なんとか返した声は、かすれて頼りなかった。

「なあ。たまにさ、こうさせてよ」

お願いというより、もうほぼ宣言のようなその言葉に、梨乃は唇を引き結んで、しばらく黙り込んだ。

(……絶対、“たまに”じゃ済まない)

それでも──

「……本当に、たまになら……」

ぽつりと返すと、理人の目がふっと嬉しそうに細まった。

「約束だからな」

指切りでも求めそうな顔で笑う彼に、梨乃はぷいと顔を背ける。

「っ……もう、帰る」

そう言って再び出口へ向かおうとしたとき──

「梨乃」

呼び止められて振り向くと、理人が一歩近づき、梨乃の頬にそっと唇を寄せた。

「……また明日。
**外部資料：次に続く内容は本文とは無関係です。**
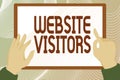 Hand writing sign Website Visitors. Conceptual photo someone who visits views or goes to your website or page Hands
楽しみにしてる」

柔らかなキスと共に告げられたその言葉に、梨乃は一瞬で固まった。

明日は、理人と初めてのデートの約束をしている。

それを思い出し、胸の奥が甘くざわめく。

(どうしよう……今夜、ちゃんと寝れるかな)

梨乃は耳まで真っ赤に染めながらも、無言で小さく頷いてくるりと背を向けた。

背後からは、理人の笑い声が追いかけてくる。

(私ばっかり振り回されて、くやしい)

そう思いながらも、口元は自然と、ふわりと緩んでいた。